BtoBビジネスの組織に増えている“Sales Operations”なる役割。「Sales Ops」や、単に「Ops」とも記されるケースも目にしますが、その内実は各社各様のようです。
しかしながら、THE MODEL型の体制を構築する企業においては、チームがより良くワークするためにもSales Opsの意義を知り、必要とあらば導入を考えたいところでしょう。
今回はSmartHRの工藤慧亮さんに、自社での事例も踏まえ、「SaaS企業におけるSales Opsの役割」についてお話を伺いました。freeeでのインサイドセールスやOpsでのチーム支援を経験した後、SmartHRにジョイン。現在はセールスプランニングとして、営業企画や営業推進の業務を担当されています。
まだ事例が少ない日本企業において、チームの立ち上げから実践までを経験されてきた数少ない人材である工藤さんから、Sales Opsの3つの役割、プレゼンスを高めるポイント、具体的な課題解決のエピソードなど、 導入や改善のための要素を教えていただきました。
下記はそのインタビューから抜粋し、構成したものです。全編はPodcastでも配信しているので、ぜひ併せてお聞きください。聞き手は、ALL STAR SAAS FUNDの神前達哉です。
(※以下、断り書きのない限り、Opsはすべて「Sales Ops」の略です。)
Opsが担う「3つの役割」
──そもそもSaaS企業、特にBizDevの領域において、Opsが必要になる理由、その必要性をどのように捉えていらっしゃいますか。
役割としては、「重要度は高いけれど、緊急度の低い課題」を解決していくのが基本だと考えています。短期的な売上や目の前の課題に注力してしまいがちなところ、Opsがチームとなってそれらに取り組んでいく。その点では、初期段階の組織よりも、課題が増えていく急拡大期に必要とされるでしょう。
──中長期的な視点で売り上げを最大化するために、営業活動の効率化や円滑化につながる課題の解決を、先んじて行っていくのがOpsのミッションなのですね。具体的に、どういった役割を担っていますか?
私が担当しているOpsの領域では、主に3つの役割があると捉えています。オペレーション、アナリティクス、イネーブルメントですね。
オペレーションは他部署との連携を構築し、改善すること。人をいたずらに増やしていくよりも、ツールを導入して解決を図るのも重要です。導入すべきツールの選定や管理、これらからデータを収集するといった一貫性の担保を含め、オーナーシップを持ってプロジェクトを動かしていきます。

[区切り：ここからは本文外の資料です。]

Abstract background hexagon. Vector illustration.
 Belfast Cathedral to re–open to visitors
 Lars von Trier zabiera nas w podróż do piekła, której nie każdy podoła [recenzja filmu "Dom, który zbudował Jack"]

次に、アナリティクス。セールスに必要なデータ収集や、貯まったデータを用いた売上予測などを担います。たとえば、Salesforceを使っているのであれば、そこへ適正にデータが入力されるような状態を保つのも役割の一つです。
最後に、イネーブルメント。分析したデータを基に実行していくことです。営業力強化の観点でのトレーニングやオンボーディングが一例です。全体戦略に基づく戦術を進めていく、より広い意味での「実行」だと捉えています。
アイディアに「確からしさ」を担保する
──3つの役割は、以前に工藤さんがnoteでも詳細にまとめてくださっていましたね。中でもアナリティクスは特徴的で、データドリブンで営業を科学し、より効率的な営業活動につなげていくのがSaaSの主流になりつつあるとも感じています。アナリティクスを進める上でのポイントは何でしょうか?
短期的な分析の重要性です。BIにデータを蓄積して、1ヶ月や2ヶ月かけて検証するというよりは、「3日程度で検証できる、感覚的なことを裏づけるための分析」をする。それによって、思いつきに対しても背中を押せるんですね。そういったエビデンスは、日々の会話やミーティング、チケットの中でも必要だと思います。
たとえば、「リードタイムを短くしよう」という仮説に対して、「現状のリードタイムは本当に長いのか」を検証する。スピード感を持って、ある意味では「質よりも量」を重視した分析を担っています。
──定性評価になりがちな営業組織のジャッジメントに対して、説得力を持ってPDCAを回していくためにアナリティクスという機能を持つイメージでしょうか。
そうですね。メンバーの感覚に基づく良いアイディアに、僕らが「確からしさ」を少しでも担保したり、後押しできたりするようになりたいんです。
前提として、貯めていくデータとオペレーションの組み方は、フェーズごとに議論があるかと思います。ただ、最低限どこまでデータを取ったのか、何のために仕組みを作るのか、どういったツールを導入するのかは、常に立ち返って考えられるようにしたいですよね。そのためにも、Opsが担う役割としては必要ではないでしょうか。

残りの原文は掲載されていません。